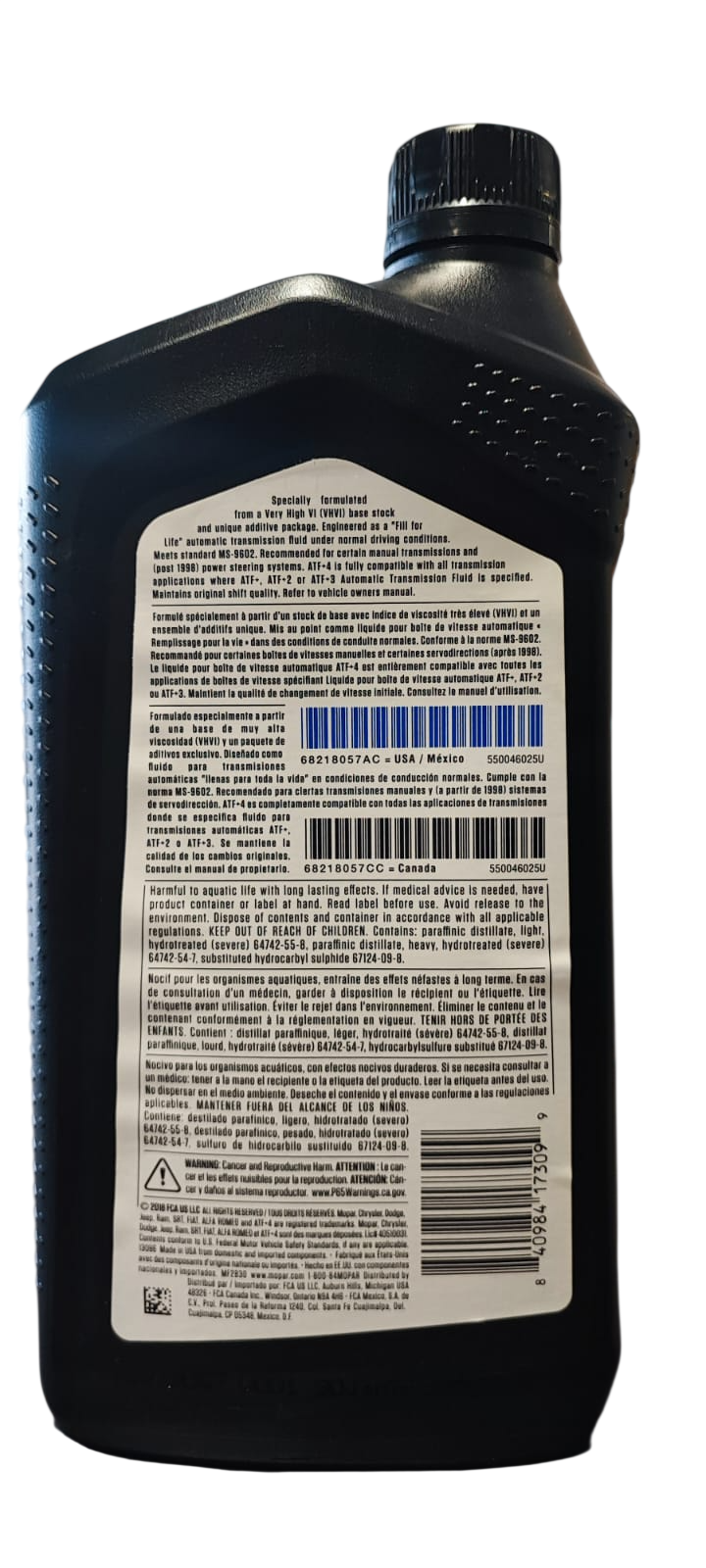 ACEITE TRANSMISION ATF+4 MOPAR 946 ml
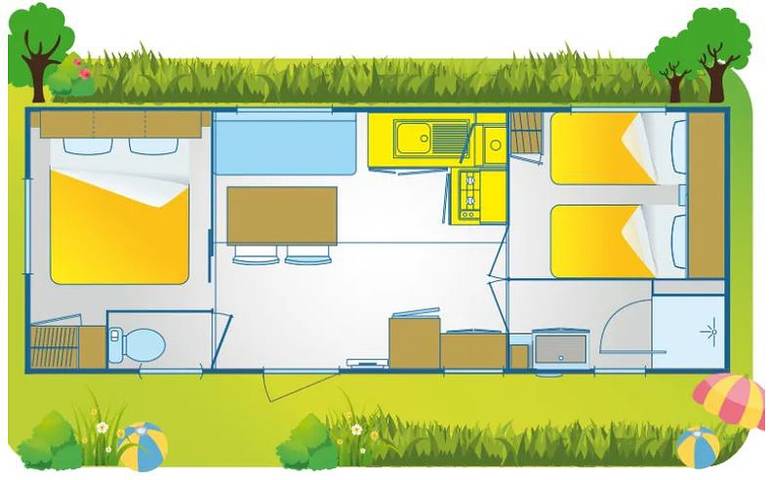 Ferienanlage Balatontourist Füred Mobilehome Happy Comfort für 5 Personen in Balatonfüred, Balatonfüredi járás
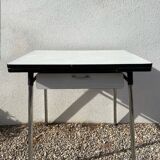 White formica table with chair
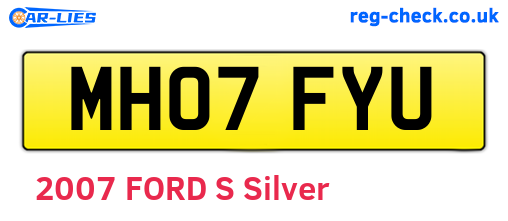 MH07FYU are the vehicle registration plates.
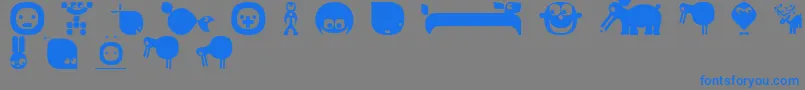 Lisätietoja Boodudesregular-fontista Boodudesregular-fontti – siniset fontit harmaalla taustalla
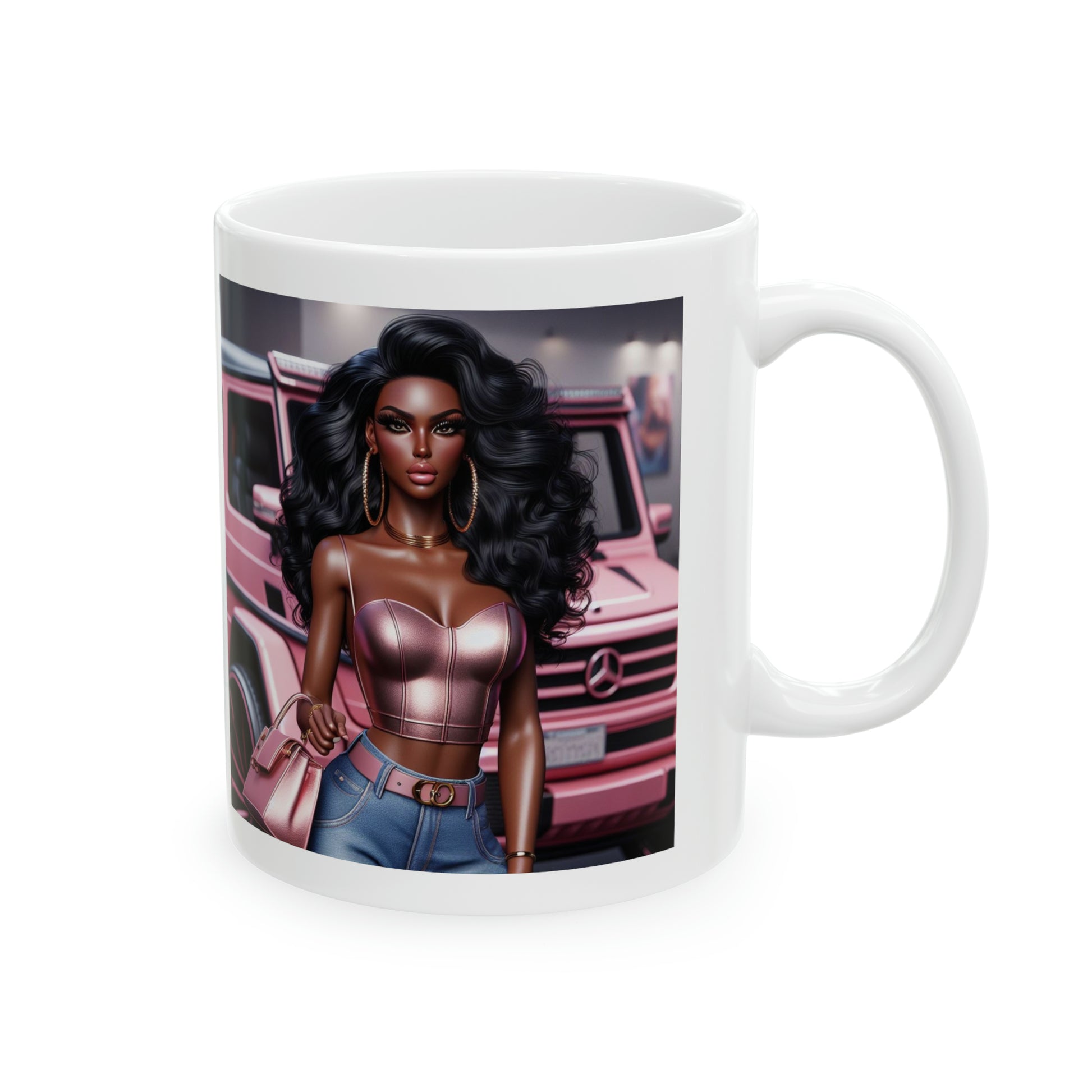 Pink Luxury Mug Mug Printify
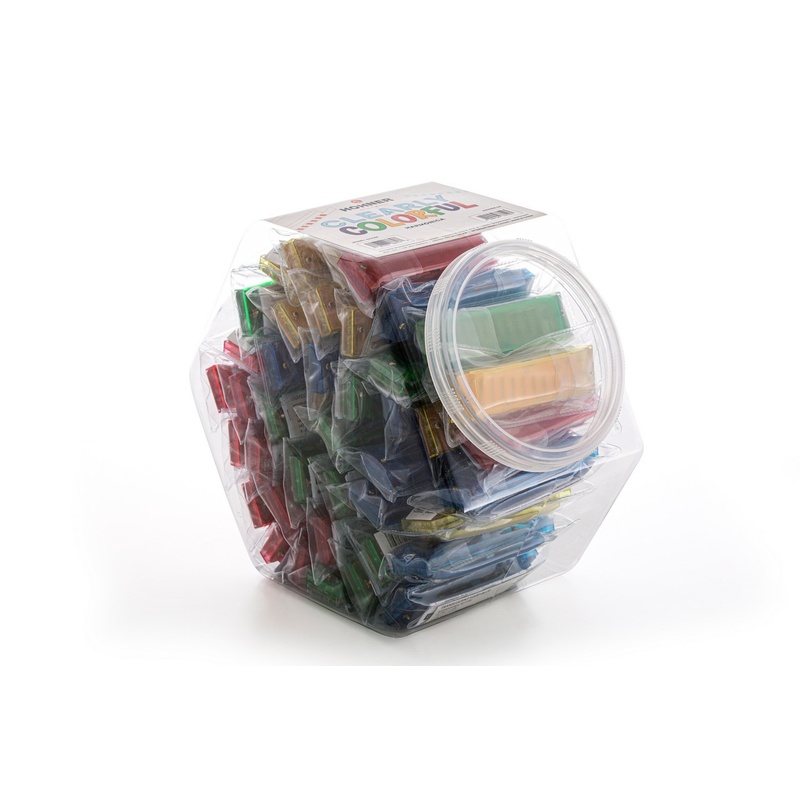 Armónica Diatónica Hohner Translucent Harp 48 Pcs Canister Display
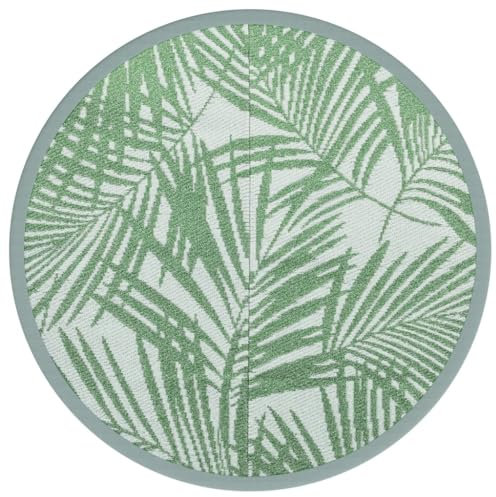 vidaXL Outdoor-Teppich ARAKIL Grün Ø120 cm PP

○ ○ ○

_Task prompt_. Leaving the pictures aside, transcribe only the lines from the one containing "MH07FYU are the vehicle registration plates." to the final line of the listing above, inclusive, exactly as they appear.

_Result_.
 MH07FYU are the vehicle registration plates.
 Lisätietoja Boodudesregular-fontista Boodudesregular-fontti – siniset fontit harmaalla taustalla
 Pink Luxury Mug Mug Printify
 Armónica Diatónica Hohner Translucent Harp 48 Pcs Canister Display
 vidaXL Outdoor-Teppich ARAKIL Grün Ø120 cm PP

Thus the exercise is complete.